From:
Ralph Baker Kearfott <rbk@xxxxxxxxxxxx>
To:
Ian McIntosh/Toronto/IBM@IBMCA
Date:
06/09/2011 02:11 AM
Subject:
Re: min / max and empty intervals
On 6/9/2011, Ralph Baker wrote:
>On 6/7/2011 7:07 AM, Arnold Neumaier wrote:
>> Dan Zuras Intervals wrote:
>>>> Date: Tue, 07 Jun 2011 08:43:03 +0200
>>>> From: Arnold Neumaier <Arnold.Neumaier@xxxxxxxxxxxx>
>>>> To: Dan Zuras Intervals <intervals08@xxxxxxxxxxxxxx>
>>>> CC: John Pryce <j.d.pryce@xxxxxxxxxxxx>, stds-1788@xxxxxxxxxxxxxxxxx
>>>> Subject: Re: min / max and empty intervals
>>>>
>>>> Dan Zuras Intervals wrote:
>
>>> Actually, John touched on the reasonable application for
>>> NaNs in a matrix. That of as yet unknown data.
>>
>> Unknown values represented in interval analysios by Entire, not by
Empty!
>
>I personally agree with Arnold on this point.

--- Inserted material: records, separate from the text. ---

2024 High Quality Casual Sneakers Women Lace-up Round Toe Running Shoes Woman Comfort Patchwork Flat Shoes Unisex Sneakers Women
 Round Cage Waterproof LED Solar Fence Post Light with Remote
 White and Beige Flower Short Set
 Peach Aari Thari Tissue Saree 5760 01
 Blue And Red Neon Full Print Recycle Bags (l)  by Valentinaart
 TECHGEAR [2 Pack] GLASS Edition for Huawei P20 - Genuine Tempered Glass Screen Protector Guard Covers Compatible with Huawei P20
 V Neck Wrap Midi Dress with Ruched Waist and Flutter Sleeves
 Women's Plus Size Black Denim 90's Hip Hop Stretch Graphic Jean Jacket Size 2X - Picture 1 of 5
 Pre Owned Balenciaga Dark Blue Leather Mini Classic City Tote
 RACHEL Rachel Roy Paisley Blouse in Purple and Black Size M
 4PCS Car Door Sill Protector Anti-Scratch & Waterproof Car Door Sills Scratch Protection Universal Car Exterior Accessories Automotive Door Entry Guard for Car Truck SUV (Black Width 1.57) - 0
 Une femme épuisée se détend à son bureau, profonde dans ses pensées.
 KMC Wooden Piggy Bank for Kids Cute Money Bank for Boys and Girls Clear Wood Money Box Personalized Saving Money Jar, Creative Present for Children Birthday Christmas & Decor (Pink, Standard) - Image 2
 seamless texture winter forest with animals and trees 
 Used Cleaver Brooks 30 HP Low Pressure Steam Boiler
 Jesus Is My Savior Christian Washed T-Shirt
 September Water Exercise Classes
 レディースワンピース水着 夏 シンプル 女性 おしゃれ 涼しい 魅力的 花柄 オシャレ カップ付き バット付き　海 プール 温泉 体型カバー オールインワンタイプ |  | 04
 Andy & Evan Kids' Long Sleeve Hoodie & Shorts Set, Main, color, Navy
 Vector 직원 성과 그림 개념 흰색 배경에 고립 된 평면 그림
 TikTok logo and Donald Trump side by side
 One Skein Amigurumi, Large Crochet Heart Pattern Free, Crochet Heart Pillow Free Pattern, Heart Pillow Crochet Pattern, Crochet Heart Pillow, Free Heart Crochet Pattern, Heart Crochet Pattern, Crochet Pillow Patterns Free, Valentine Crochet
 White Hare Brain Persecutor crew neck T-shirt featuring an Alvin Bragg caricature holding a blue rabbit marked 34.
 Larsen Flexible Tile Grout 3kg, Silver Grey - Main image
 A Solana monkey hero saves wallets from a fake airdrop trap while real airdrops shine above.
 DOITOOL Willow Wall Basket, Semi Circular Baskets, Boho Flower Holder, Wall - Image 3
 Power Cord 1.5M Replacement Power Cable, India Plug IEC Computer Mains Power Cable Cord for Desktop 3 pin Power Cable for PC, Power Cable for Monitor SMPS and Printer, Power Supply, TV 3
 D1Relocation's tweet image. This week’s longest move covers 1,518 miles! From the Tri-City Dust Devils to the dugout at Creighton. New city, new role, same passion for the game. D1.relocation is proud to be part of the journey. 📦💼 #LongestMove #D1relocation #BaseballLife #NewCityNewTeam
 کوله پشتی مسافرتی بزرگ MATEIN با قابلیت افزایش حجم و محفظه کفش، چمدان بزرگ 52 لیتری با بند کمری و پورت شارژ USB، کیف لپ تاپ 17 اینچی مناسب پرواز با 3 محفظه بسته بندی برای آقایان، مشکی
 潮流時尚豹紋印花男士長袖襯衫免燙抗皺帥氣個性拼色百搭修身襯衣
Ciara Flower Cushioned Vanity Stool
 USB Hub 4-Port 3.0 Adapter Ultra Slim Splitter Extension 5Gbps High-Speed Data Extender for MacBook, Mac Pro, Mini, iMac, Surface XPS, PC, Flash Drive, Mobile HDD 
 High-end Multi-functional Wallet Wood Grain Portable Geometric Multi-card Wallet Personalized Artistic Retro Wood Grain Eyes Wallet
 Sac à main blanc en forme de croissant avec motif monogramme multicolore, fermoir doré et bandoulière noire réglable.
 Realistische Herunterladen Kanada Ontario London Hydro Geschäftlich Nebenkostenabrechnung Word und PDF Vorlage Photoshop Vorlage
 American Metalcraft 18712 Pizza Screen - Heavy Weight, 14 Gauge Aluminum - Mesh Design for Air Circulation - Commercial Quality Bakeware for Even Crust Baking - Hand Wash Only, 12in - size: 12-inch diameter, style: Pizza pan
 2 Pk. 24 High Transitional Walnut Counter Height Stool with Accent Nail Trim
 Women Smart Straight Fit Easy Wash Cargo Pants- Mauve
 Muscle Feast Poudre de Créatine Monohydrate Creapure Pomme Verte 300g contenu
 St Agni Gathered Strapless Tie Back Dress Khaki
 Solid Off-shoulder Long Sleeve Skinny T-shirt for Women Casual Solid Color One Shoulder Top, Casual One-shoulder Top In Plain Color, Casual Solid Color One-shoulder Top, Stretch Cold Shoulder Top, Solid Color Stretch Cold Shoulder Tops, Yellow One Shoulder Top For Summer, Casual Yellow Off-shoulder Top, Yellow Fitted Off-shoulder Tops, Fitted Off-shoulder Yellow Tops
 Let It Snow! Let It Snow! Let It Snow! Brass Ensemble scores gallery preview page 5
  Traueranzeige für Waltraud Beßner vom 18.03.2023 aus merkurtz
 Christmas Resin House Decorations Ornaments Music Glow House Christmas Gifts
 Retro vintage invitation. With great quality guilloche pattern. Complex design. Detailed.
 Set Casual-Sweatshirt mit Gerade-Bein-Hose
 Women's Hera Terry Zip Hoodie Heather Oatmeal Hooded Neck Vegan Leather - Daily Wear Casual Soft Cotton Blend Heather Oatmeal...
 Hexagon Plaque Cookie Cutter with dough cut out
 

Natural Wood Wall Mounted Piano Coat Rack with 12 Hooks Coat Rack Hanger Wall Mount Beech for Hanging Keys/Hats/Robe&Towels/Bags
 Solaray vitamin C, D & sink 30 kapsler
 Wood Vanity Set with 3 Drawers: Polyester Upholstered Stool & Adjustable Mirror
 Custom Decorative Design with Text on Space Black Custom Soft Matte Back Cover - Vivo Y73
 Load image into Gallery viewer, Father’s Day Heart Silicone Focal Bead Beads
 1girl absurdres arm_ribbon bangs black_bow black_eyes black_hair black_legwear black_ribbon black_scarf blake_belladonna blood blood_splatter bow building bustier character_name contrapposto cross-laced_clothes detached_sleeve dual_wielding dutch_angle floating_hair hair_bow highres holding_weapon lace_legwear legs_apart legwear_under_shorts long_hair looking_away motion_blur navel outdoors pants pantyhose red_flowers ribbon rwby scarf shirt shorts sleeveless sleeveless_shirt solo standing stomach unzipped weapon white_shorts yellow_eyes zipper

It is tied to the basic
>philosophy underlying interval analysis.
>
>Baker
I understand and agree with the reasons that unknown should normally
be Entire, not Empty (and BTW, one of the multiple meanings of NaN is
equivalent to Entire).
At the same time, a standard is better if it can apply to diverse
situations, not just the usage that led to it, so we should think
about other potential applications and their implications.
Suppose I had a large set of data and wanted to do some analysis on
it, but many values were unknown. If unknown is represented as Entire
and I use the obvious approach, then most of my answers will be Entire
and I will know nothing except that I know nothing. If I skip unknown
values then I can produce answers tighter than Entire, and I will know
something, with the caveat that the answers are not guaranteed to be
correct. I may consider that useful.
Let's take a concrete example. For the set of all adults in the USA on
July 1st 2011, measure their height. Since there's some measurement
error and height can vary throughout the day, use intervals with
reasonable bounds.
Now find out the minimum and maximum heights. No problem.
But what if you only have data for 1% of the people? If you treat the
unknowns as Entire, the minimum height is -oo and the maximum +oo.
Ruling out negatives still doesn't give a useful answer. If you treat
the unknowns as "Ignore this unknown value", then you get minimum and
maximum heights for the people you have data for. You can't claim that
the answers are exactly what you were asked, but you can say they are
correct for the 1% subset of the cases you have data for, and if you
know statistics you may say that the true answers should not be a much
larger range than the answers for this subset.
There are many real applications where intervals could be useful if
missing data can be ignored and the limitations are understood as part
of the results.
So here are my questions: Can we define a decoration for "missing
data" or "unknown", and decoration operations which when encountering
that produce "some data is missing" or "some data is unknown"? Is it
better to define specific operations to be used in such cases (eg,
max_known_value)? Can either or both of those be done in a consistent
way? Can they be done without damaging other things? Would that
increase (or decrease?) the usefulness of the standard?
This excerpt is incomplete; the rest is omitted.